Johnson, 31, had a record that includes several misdemeanors for marijuana possession and a felony for carrying a handgun without a license.
Superior Court Judge Fran Gull sentenced him Friday to the maximum 12 years for a Level 4 felony with four years suspended.
Johnson, who has four children and pleaded guilty to the charges in March, will spend eight years in the Indiana prison system.
He was charged in March 2020 with causing death when operating a motor vehicle while intoxicated, driving with a suspended license and reckless homicide, all felony charges. The last two charges Gull dismissed.
The fatal 2019 accident occurred at 3:15 a.m. as Johnson drove his 2014 Kia Sorrento south on South Clinton. He ran a red light at East Wallace Street, colliding with Stevenson's 2008 gray Cobalt going west on East Wallace, according to probable cause affidavit. Johnson's blood alcohol level tested at 0.19%, more than twice the legal limit of 0.08%. McAlexander also said a video of the crash existed.
Representing Johnson, attorney Marcia Linsky said when Johnson was growing up he was often left in charge of his younger siblings while his mother was out drinking.
“He's been through a lot,” Linsky said. “He's had a substance abuse problem for a while and hasn't addressed that.”
Linsky asked for a three-year sentence with the balance suspended.
“It would allow him to come back and show he's changed,” she said.
Since 2019, he has been clean because “he doesn't want to make mistakes that end up ending a life,” Linsky said. “He says he needs treatment and counseling.”
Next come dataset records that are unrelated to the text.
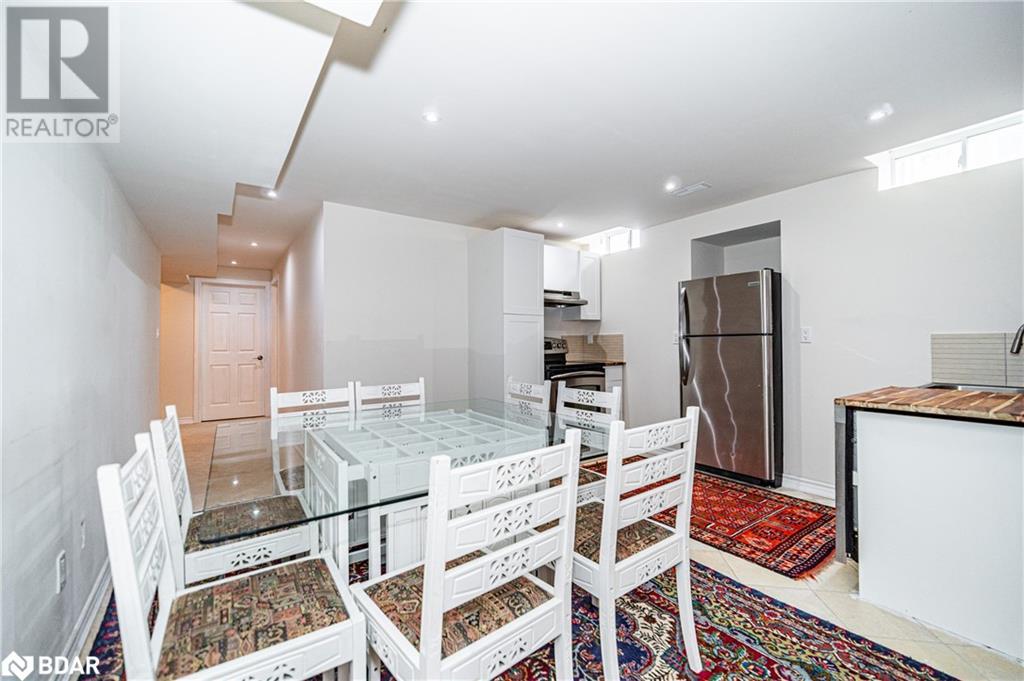 61 RIVERWALK Place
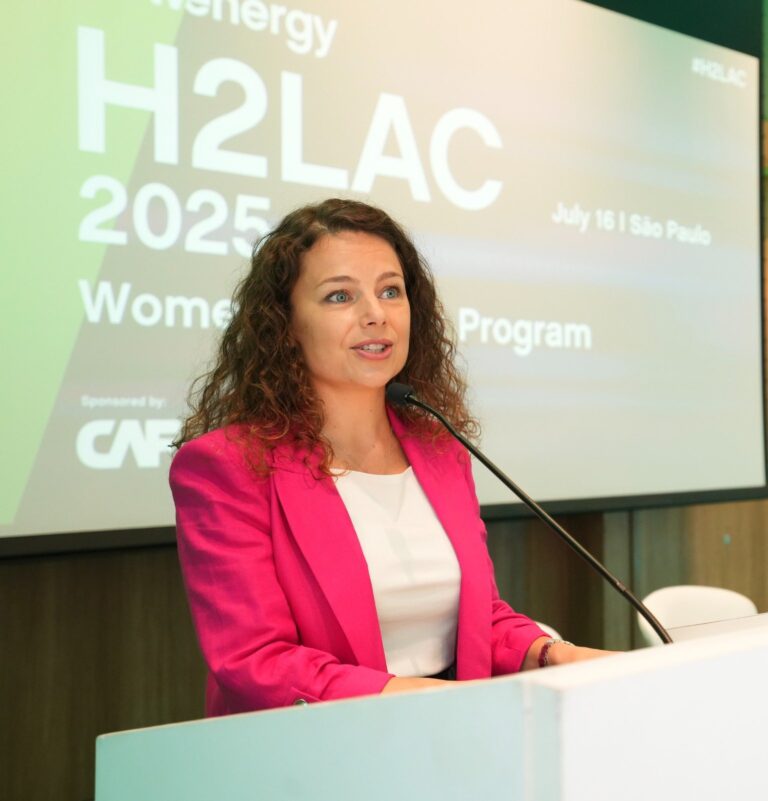 Un an într-un camion, o viață între continente: povestea unei sibience de succes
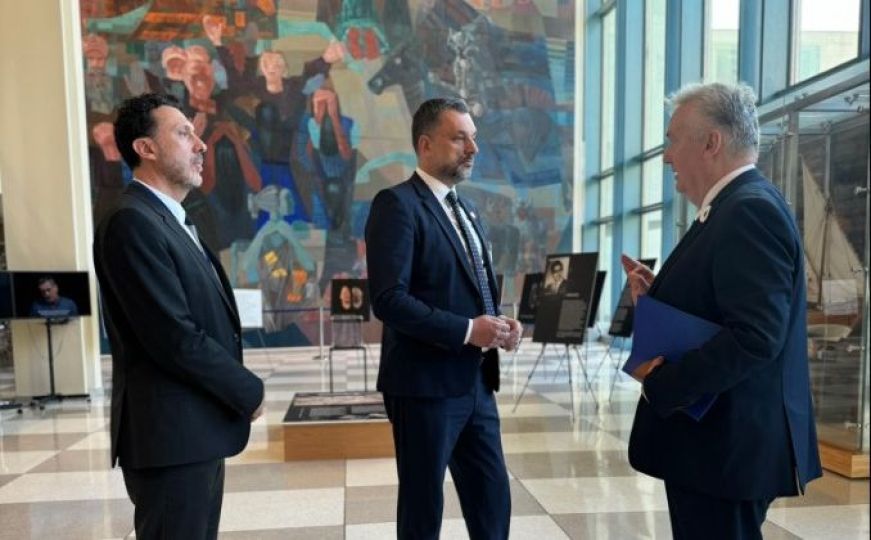 Elmedin Konaković posjetio Izložbu o genocidu u Srebrenici u sjedištu UN-a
Johnson faced Stevenson's family and apologized, but at times, he could barely find the words. The family, who didn't want to speak, cried along with him.
Johnson's foster mother, retired police Officer Diane Rogers, attended the sentencing where no harsh words were spoken.
After the sentencing, Rogers said she met Johnson when he was 7. Johnson called her when he was 15 and said he was ready to change his life. She protected him during the eight-year stretch when he used to call her regularly before she became his foster mother at 15, she said.
“The way he spoke; ... that's the little boy I fell in love with and he's still that person,” Rogers said.